# WORK INSTRUCTION
Give a verbatim copy of the data, leaving the pictures out.

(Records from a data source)

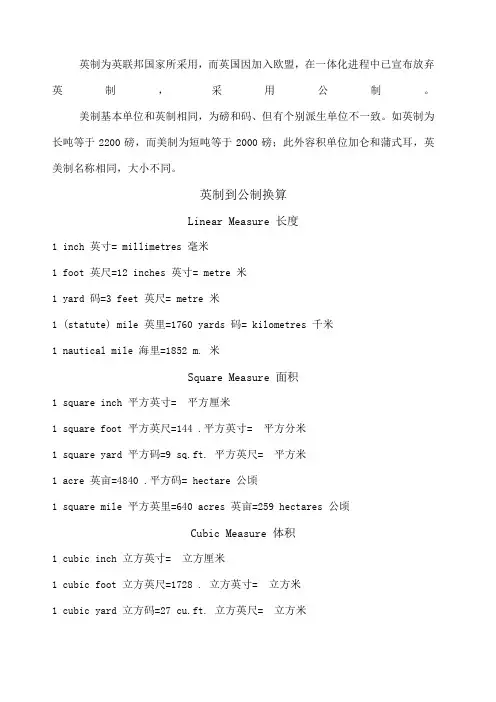 英制美制公制单位换算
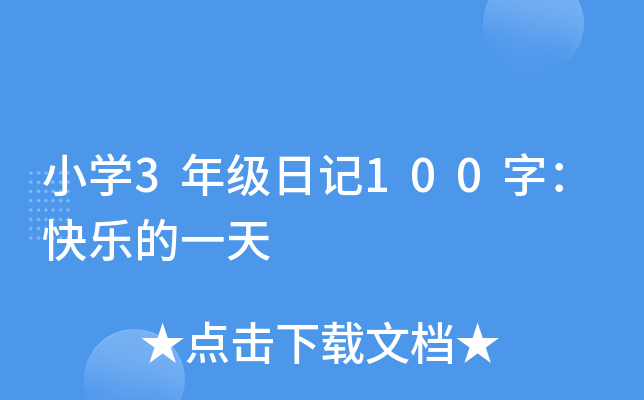 小开云kaiyun(中国)3年级日记100字：快乐的一天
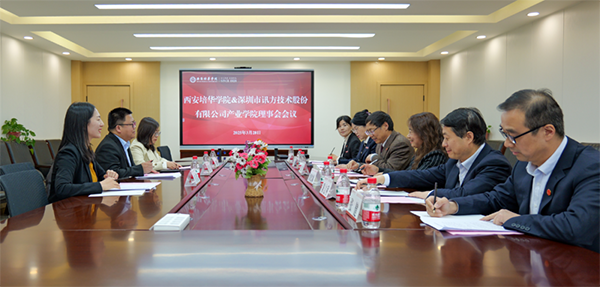 凤凰联盟·(中国区)官方网站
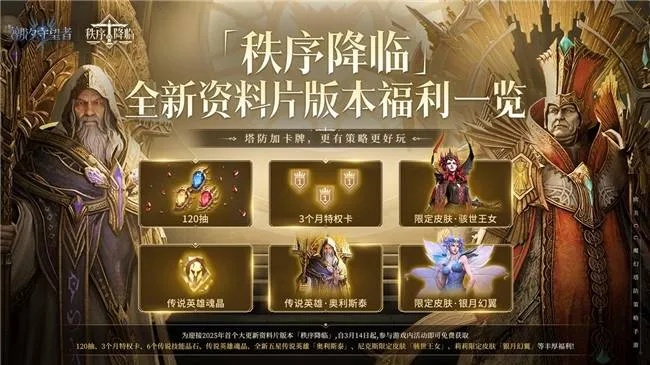 魔幻圣典怎么玩？2026稀有典籍获取、隐藏属性解锁及职业适配全攻略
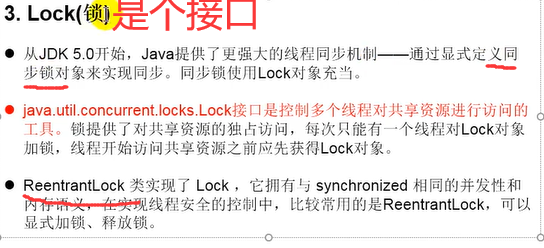 image-20210117110948119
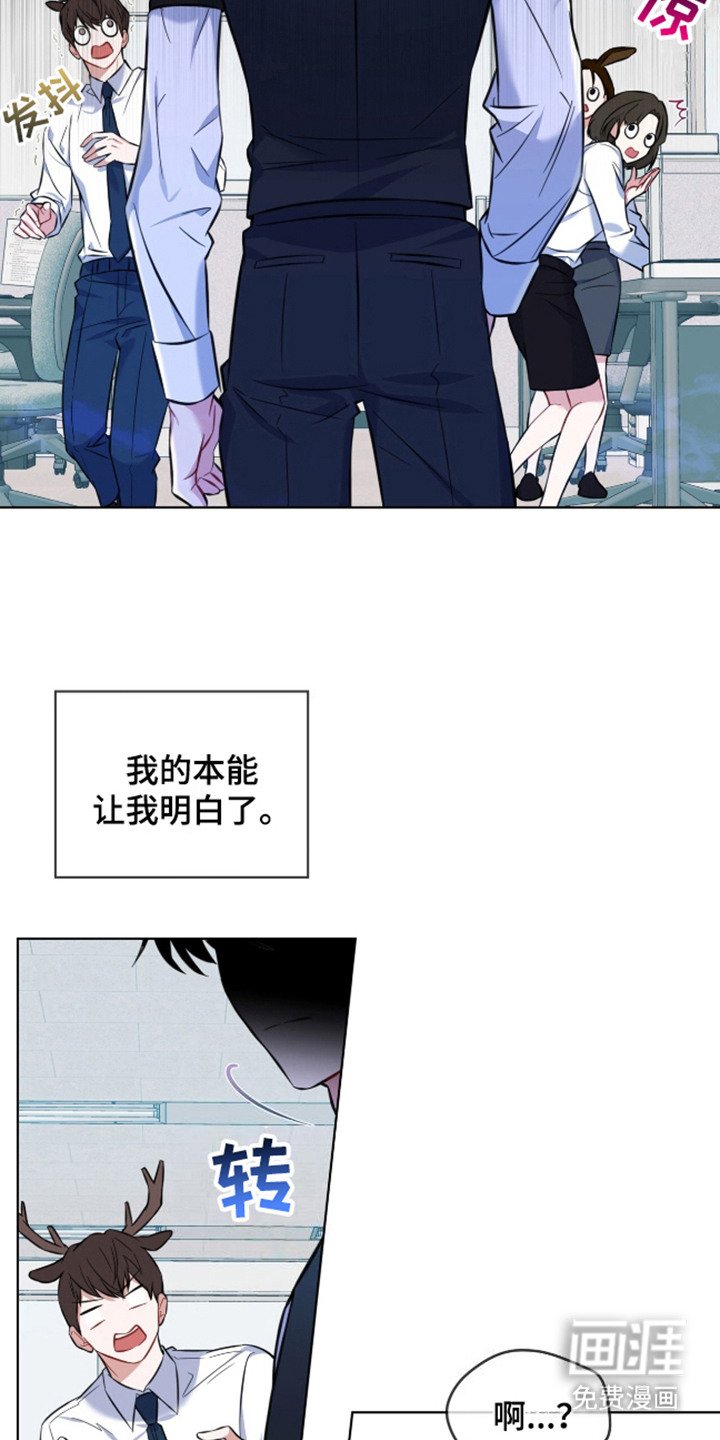 第6章：被逮住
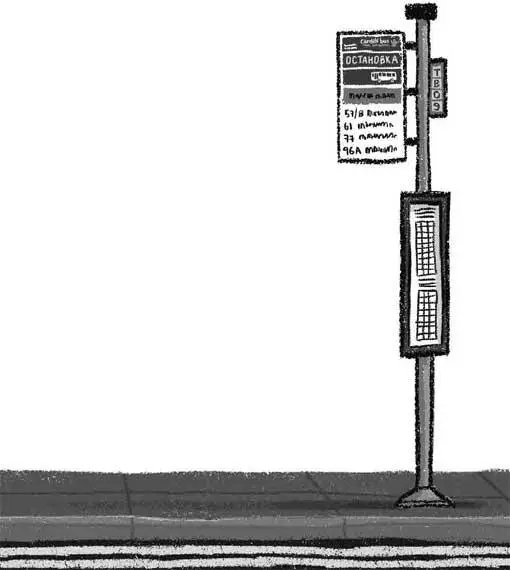 Впрочем подумал я лучше не говорить ему что он у меня в резерве Никому - фото 7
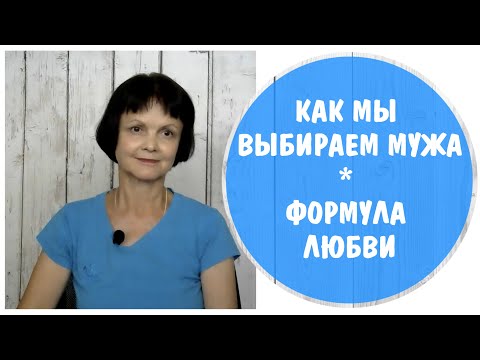 Видео: Как мы выбираем: мужа как мама или как папа. Формула любви
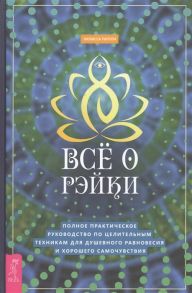 Типтон М. Все о рэйки Полное практическое руководство по целительным техникам для душевного равновесия и хорошего самочувствия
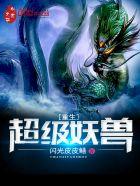 重生妖兽进化神兽的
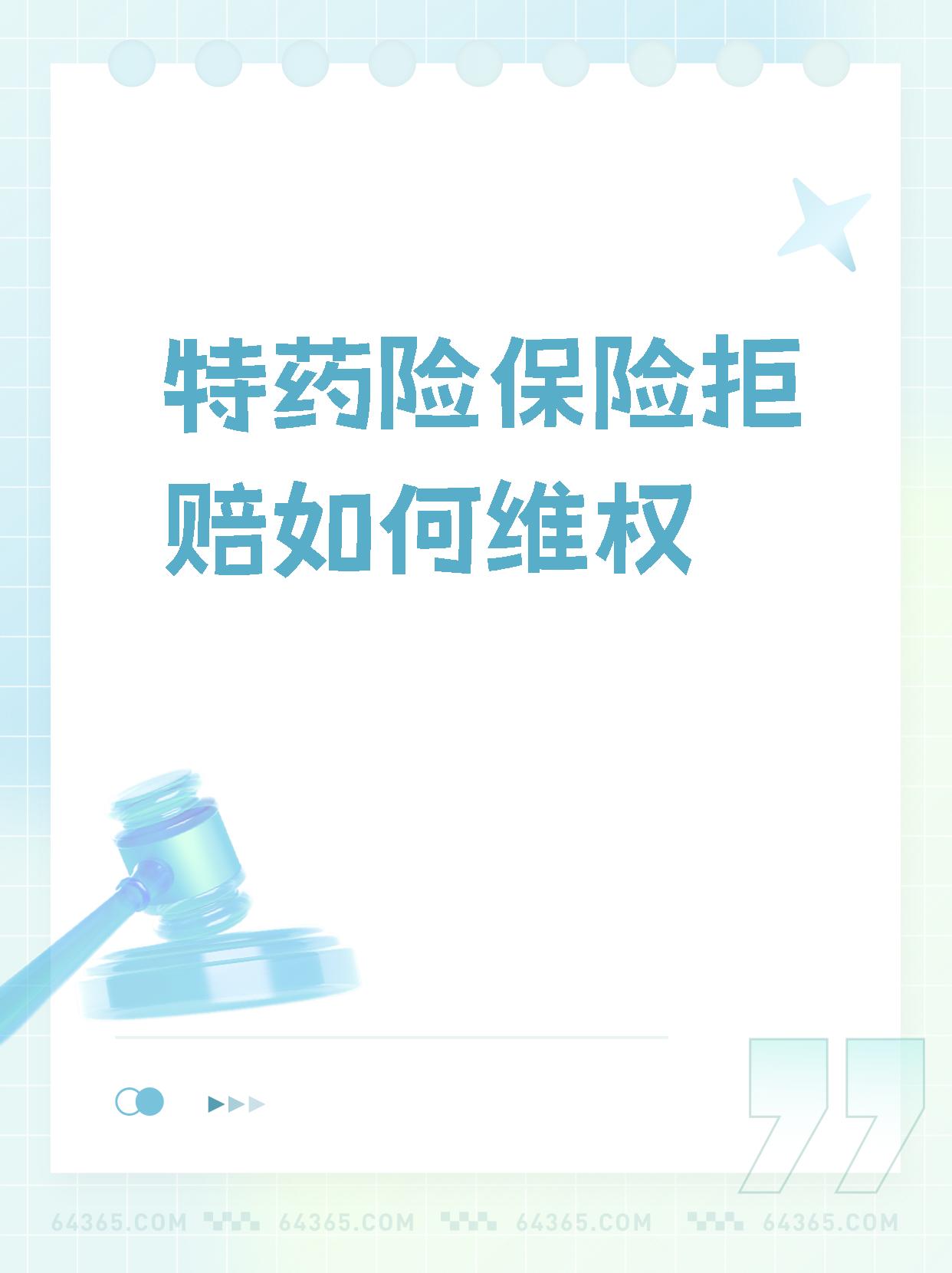 如果你遇到特药险拒赔的情况,别担心!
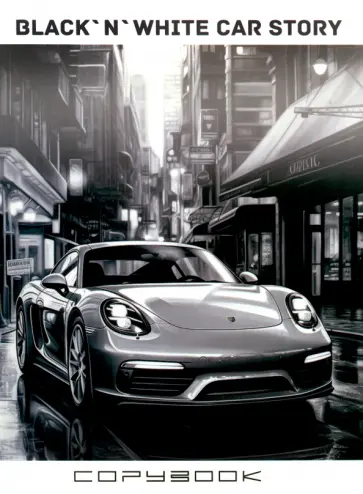 Тетрадь Черное и белое.Авто, А5, 96 листов, клетка обложка книги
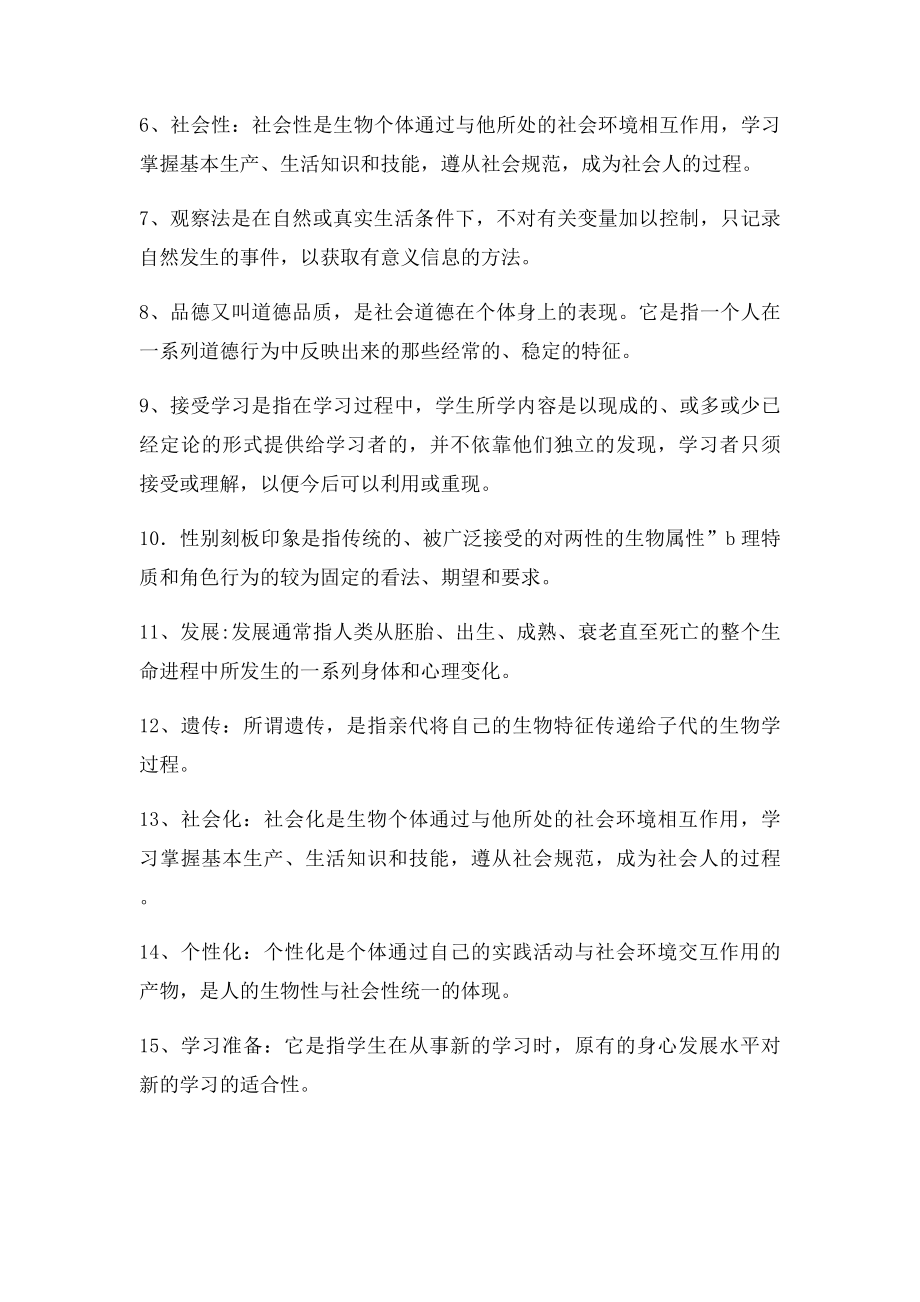 小学儿童教育心理学形成性考核作业参考答.docx_第2页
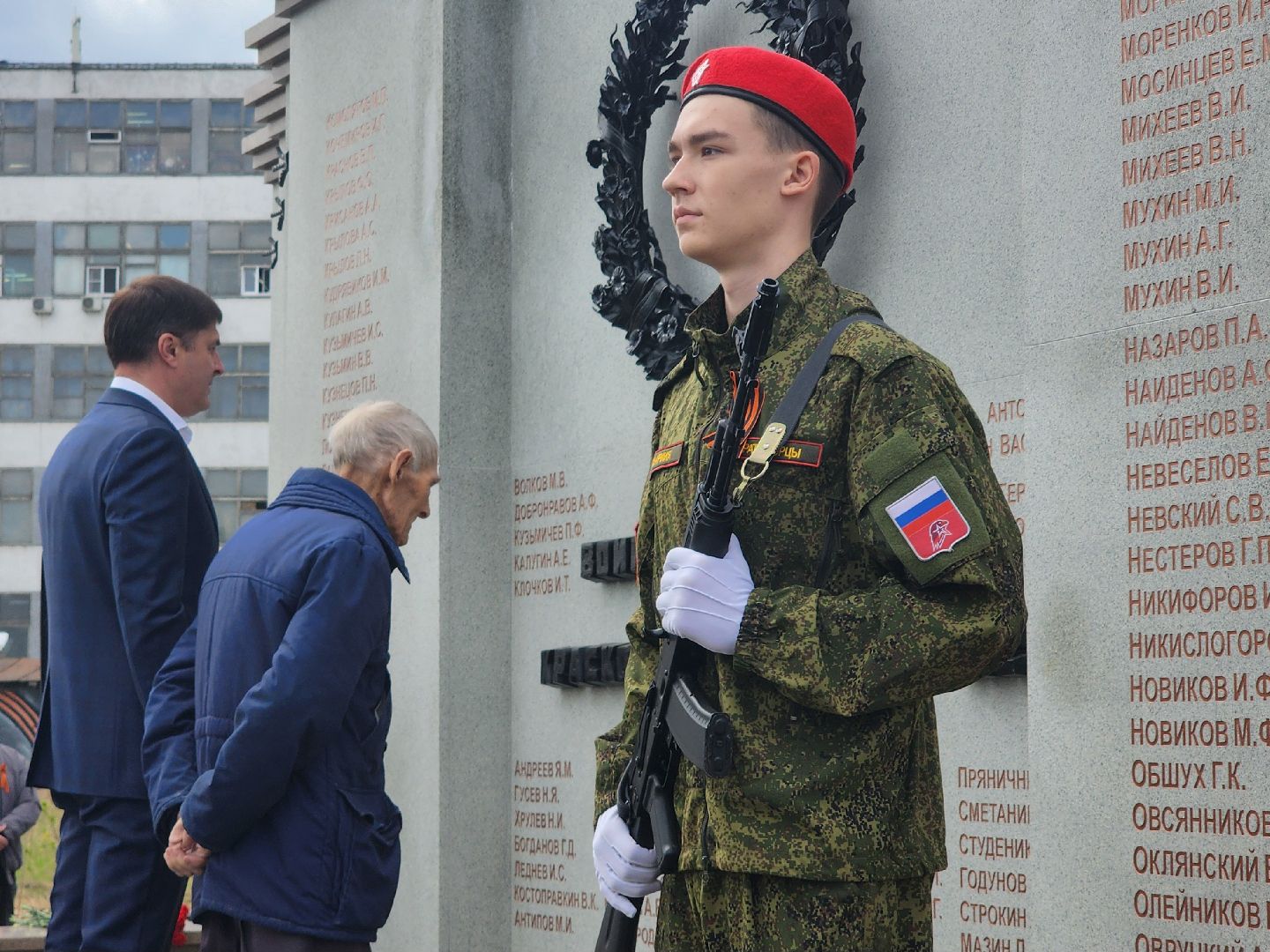 день победы,  стела, герои великой отечественной войны,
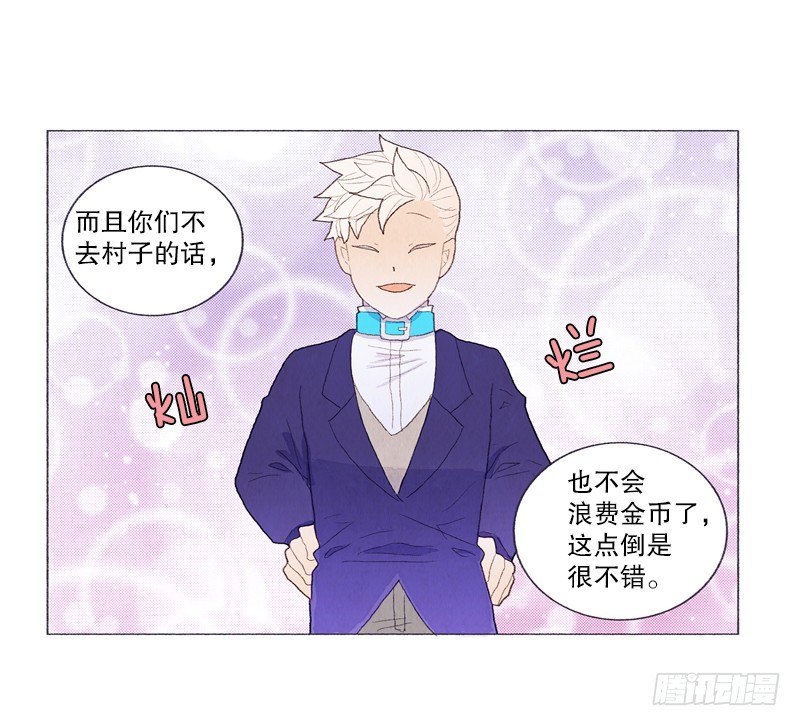 突如其来的大雪22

# SOLUTION TO THE PROBLEM
 英制美制公制单位换算
 小开云kaiyun(中国)3年级日记100字：快乐的一天
 凤凰联盟·(中国区)官方网站
 魔幻圣典怎么玩？2026稀有典籍获取、隐藏属性解锁及职业适配全攻略
 image-20210117110948119
 第6章：被逮住
 Впрочем подумал я лучше не говорить ему что он у меня в резерве Никому - фото 7
 Видео: Как мы выбираем: мужа как мама или как папа. Формула любви
 Типтон М. Все о рэйки Полное практическое руководство по целительным техникам для душевного равновесия и хорошего самочувствия
 重生妖兽进化神兽的
 如果你遇到特药险拒赔的情况,别担心!
 Тетрадь Черное и белое.Авто, А5, 96 листов, клетка обложка книги
 小学儿童教育心理学形成性考核作业参考答.docx_第2页
 день победы,  стела, герои великой отечественной войны,
 突如其来的大雪22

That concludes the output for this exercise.